EXERCISE OBJECTIVE - Nothing but the lines below from the first through the one with "18K Yellow Gold" should appear, printed exactly; please leave pictures out.

AVAILABLE RECORDS -
------------------------------

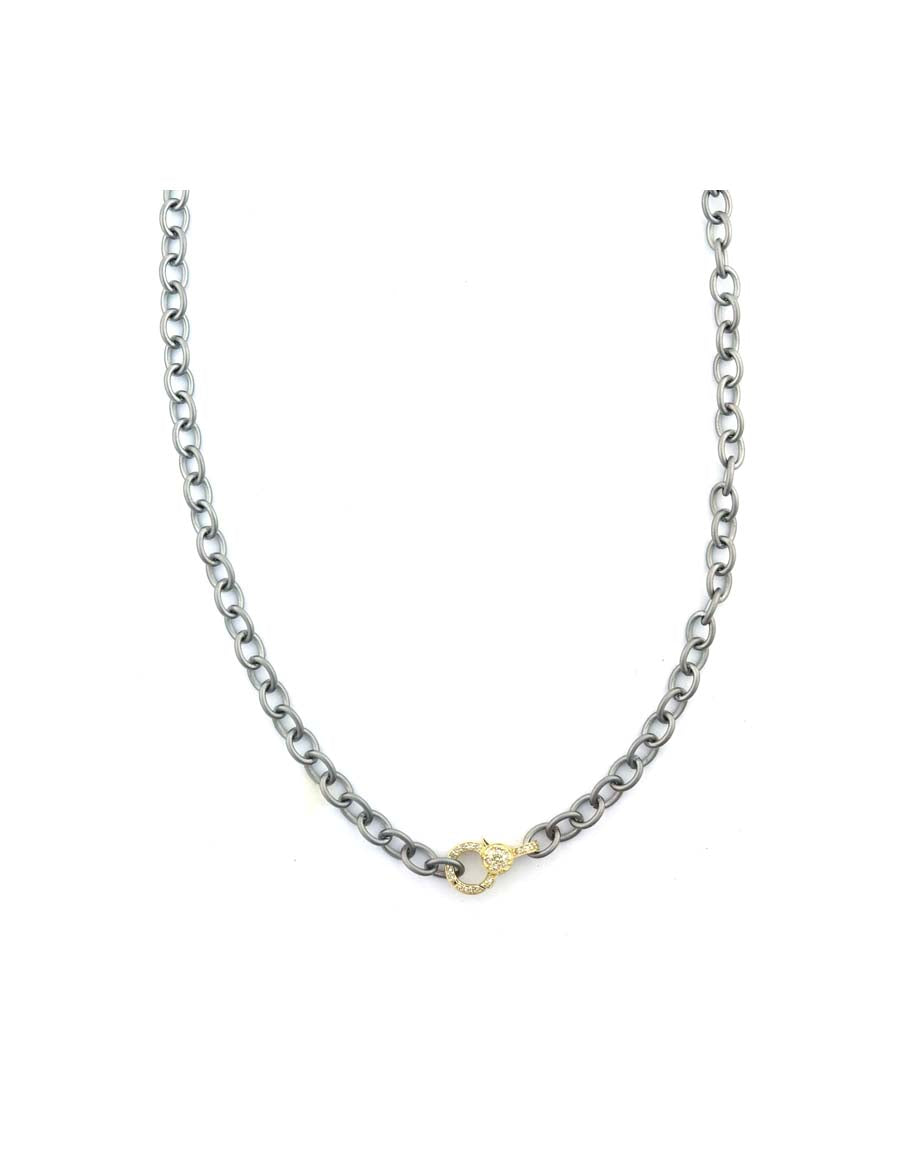 Small 14K Gold Diamond Lock & Matte Silver Link Necklace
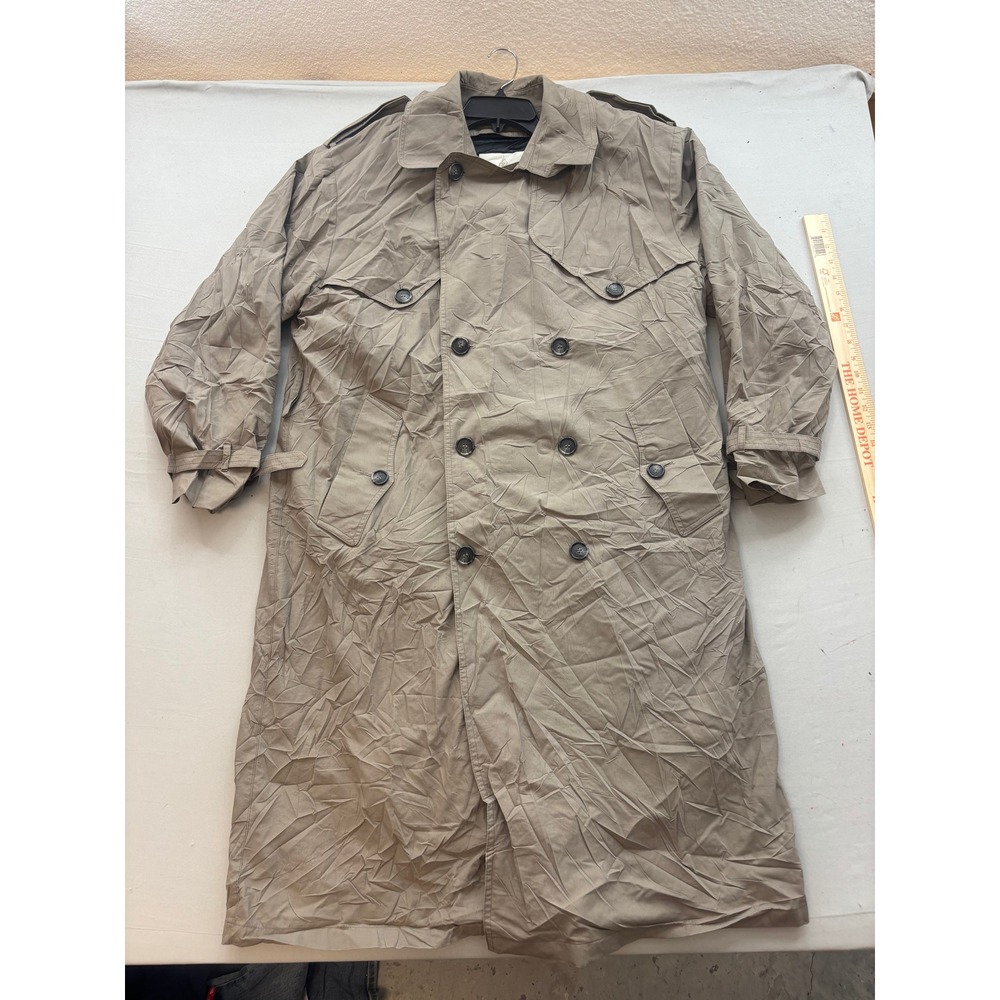London Fog Mens Khaki Double Breasted Trench Coat Size 40 Reg Tan Long Jacket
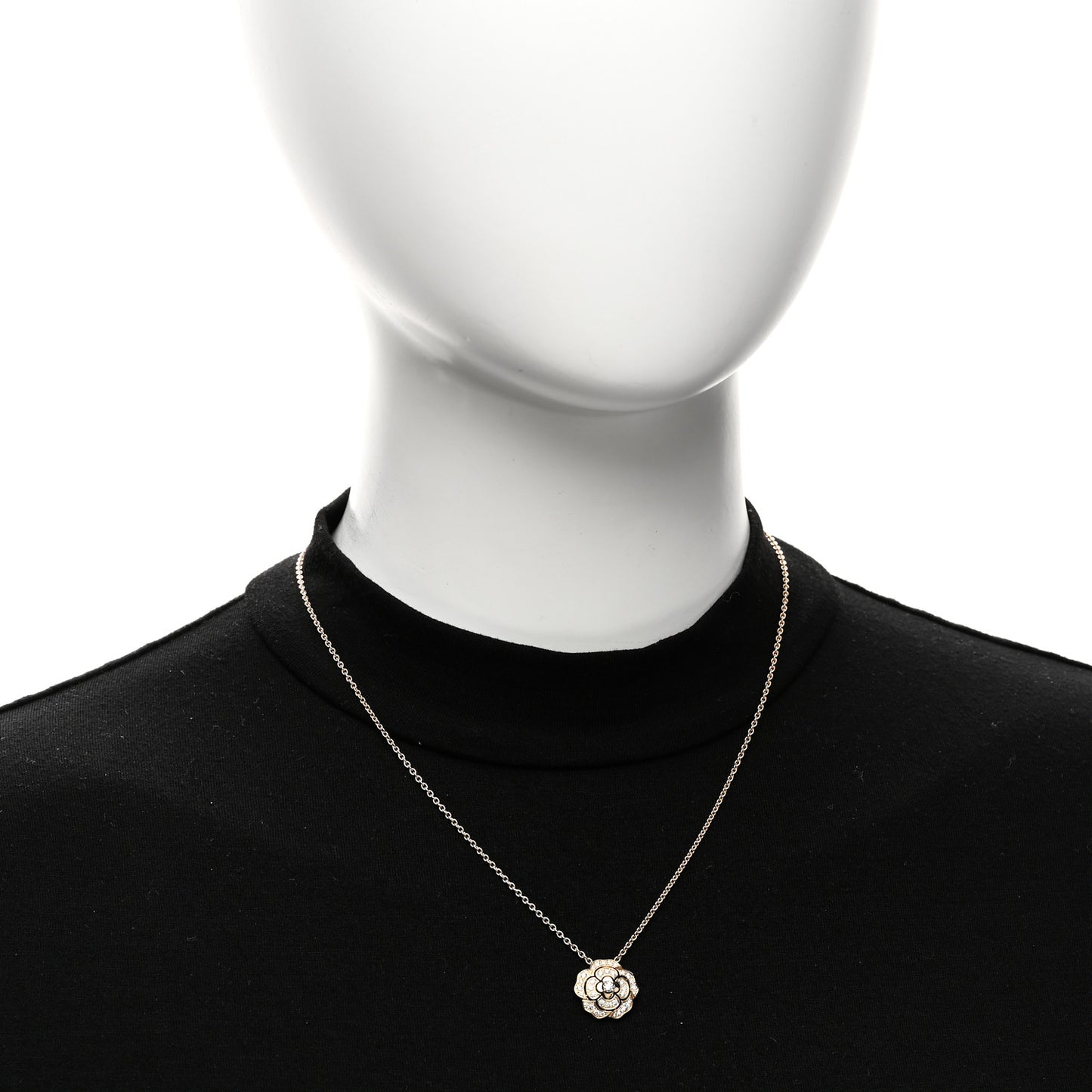 18K Yellow Gold Diamond Bouton de Camelia Pendant Necklace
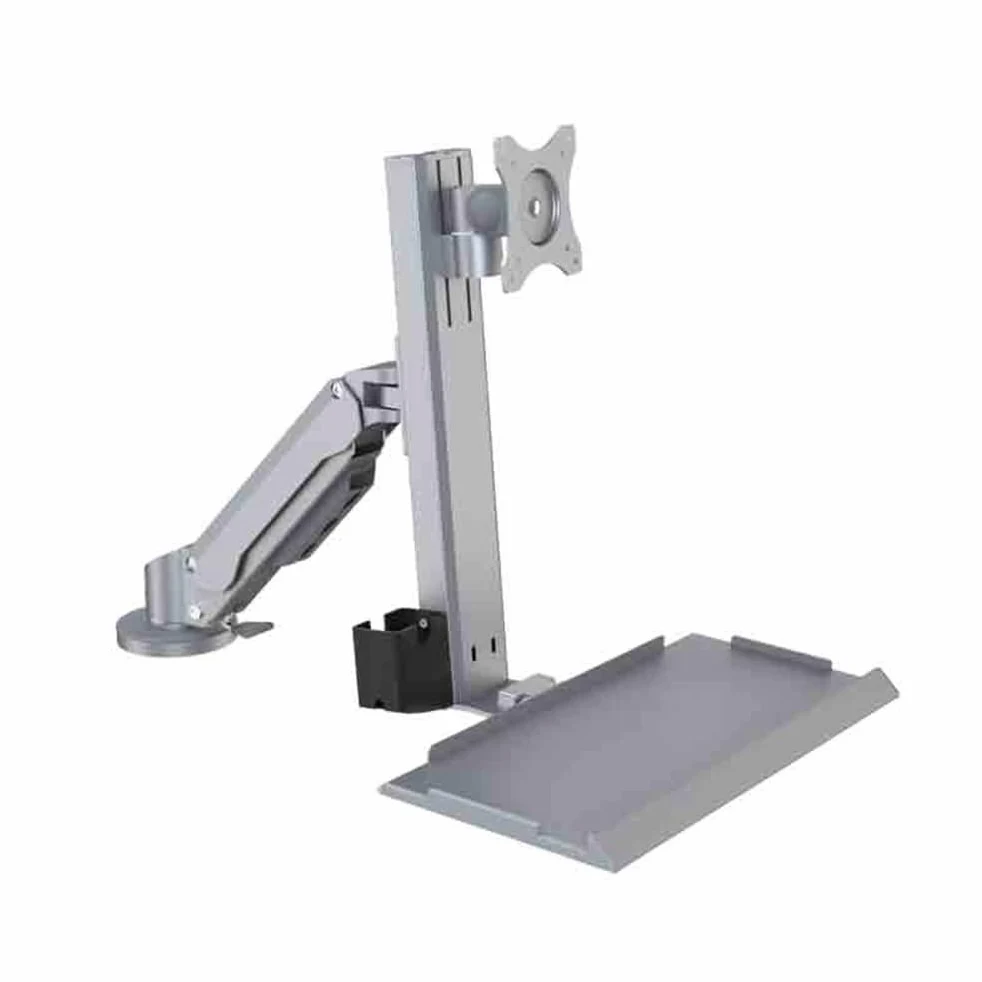 Supporto per monitor Supporto for monitor da tavolo con clip a un braccio in argento vassoio normale, adatto for 15 a 32 pollici, portata di kg Supporto per monitor da scrivania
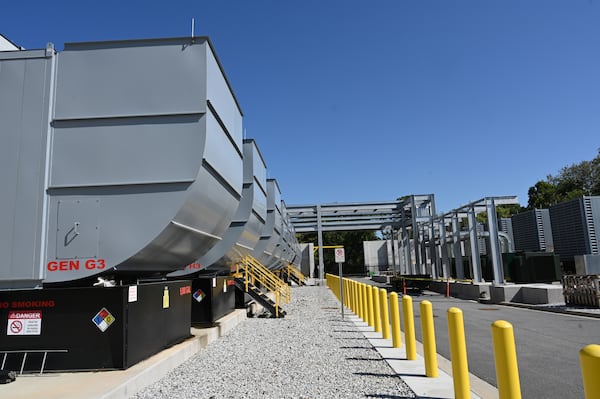 August 31, 2022 Atlanta - Photo shows gigantic generators during a tour of the inside QTS’s Atlanta Data Center Campus in Atlanta on Wednesday, August 31, 2022. QTS Mega Data Center campus, featuring its own on-site Georgia Power substations and direct fiber access to a wide variety of carrier alternatives. (Hyosub Shin / Hyosub.Shin@ajc.com)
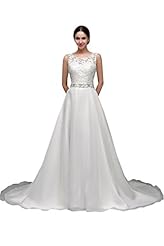 Satin Sleeveless Lace Jeweled  Evening Dress/Prom Dress/Party Dress/Wedding Dress  with a Court Train  With Rhinestones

------------------------------

SOLUTION -
 Small 14K Gold Diamond Lock & Matte Silver Link Necklace
London Fog Mens Khaki Double Breasted Trench Coat Size 40 Reg Tan Long Jacket
 18K Yellow Gold Diamond Bouton de Camelia Pendant Necklace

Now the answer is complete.